---------- DATA SECTION ----------

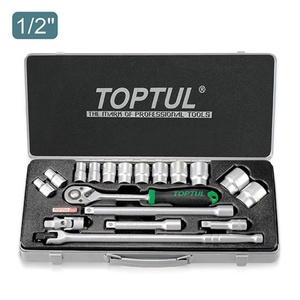 Chất lượng hàng đầu Toptul 18PCS 1/2 "Dr. Bộ ổ cắm (số liệu) - Product Image 1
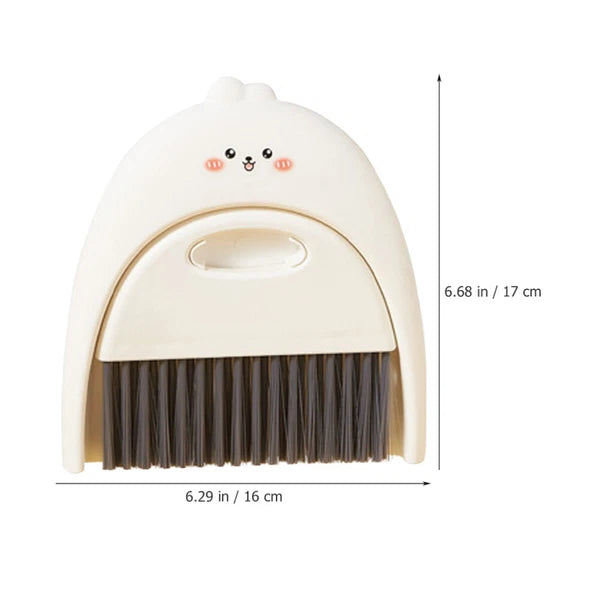 3 Sets Small Broom and Dustpan Set, Desktop Cleaning Tool,-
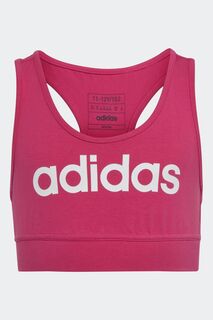 Хлопковый бюстгальтер Essentials с логотипом adidas, розовый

----------

→ **WHAT YOU WILL DO**
A word-for-word copy of the data above is needed, one that omits the pictures.

→ **RESPONSE**
 Chất lượng hàng đầu Toptul 18PCS 1/2 "Dr. Bộ ổ cắm (số liệu) - Product Image 1
 3 Sets Small Broom and Dustpan Set, Desktop Cleaning Tool,-
 Хлопковый бюстгальтер Essentials с логотипом adidas, розовый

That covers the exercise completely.